Seeking Alpha Article22 Dec 2024 10:25
Interesting extract taken from the Seeking Alpha article dated 29 October 2024.
Undervaluation, Solid Financials, Fat Dividend and Buybacks
ITV currently trades at a very low PE in comparison with the company's history. The PE ratio is now around 7. while in 2015, this number reached over 22. Referring back to the intro of this article, there is a difference between night and day in how the market values the EU broadcasters. Investors needed to pay three times as much for the shares in 2015. How can it be explained that broadcasters are so cheap now? Sure, broadcasting is no rapidly growing industry anymore, it's a "cash cow" industry. But still, serious amounts of cash come in every year, allowing payment of a 6.5% dividend with the intent to grow this going forward. In addition, looking at ITV specifically, it wants to buy back 235M GBP worth of stock, which is nearly 8% of the entire market cap at today's share prices. If both ITV Studios and M & E have a good year in 2025, which would mean that content distribution is back to normal and advertising revenue shows a small growth, the EPS will, according to my estimate, easily reach 12 - 15p in 2025, while it was 7.8p in 2023. If that happened, the PE ratio would at current share prices drop to 5.5, which is absolutely rock bottom, priced for a major recession. Based on that, the conclusion is that ITV is undervalued now, as are some other EU broadcasters.
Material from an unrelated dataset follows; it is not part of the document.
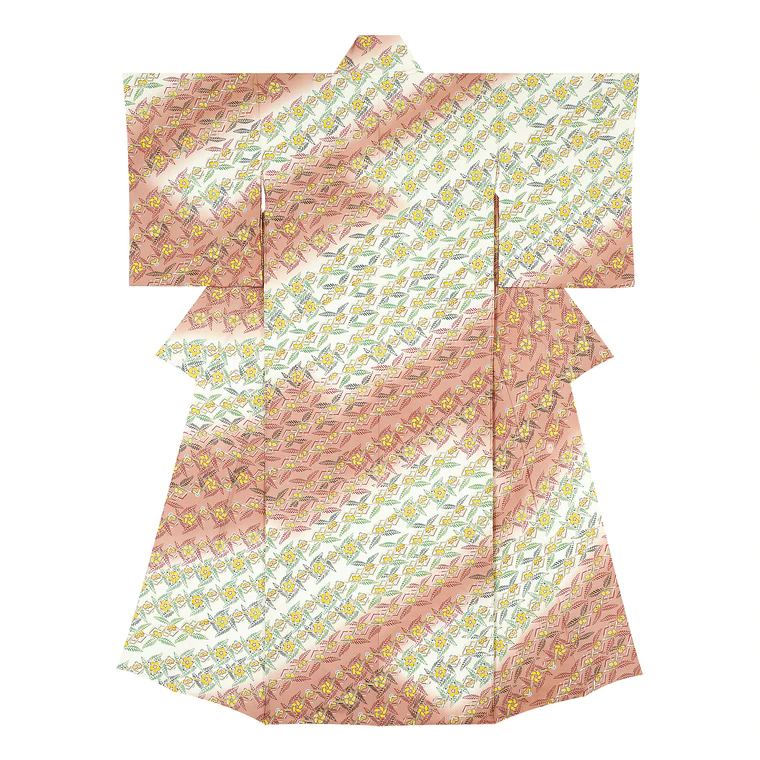 photo Kimono with sarasa pattern in woodblock printing “Japanese rose”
Two final remarks remain regarding the financial position of ITV. First, debt is of no concern, with a total size of just over half a billion GBP and a nicely spread out range of maturities until after 2030. The second one is that ITV is actively working on cost reductions, improvements of EBITA (ITV reports on this, not EBITDA), and the bottom line. As said, ITV aims for a 5p dividend in 2024, like in 2023, with the intent to grow this going forward.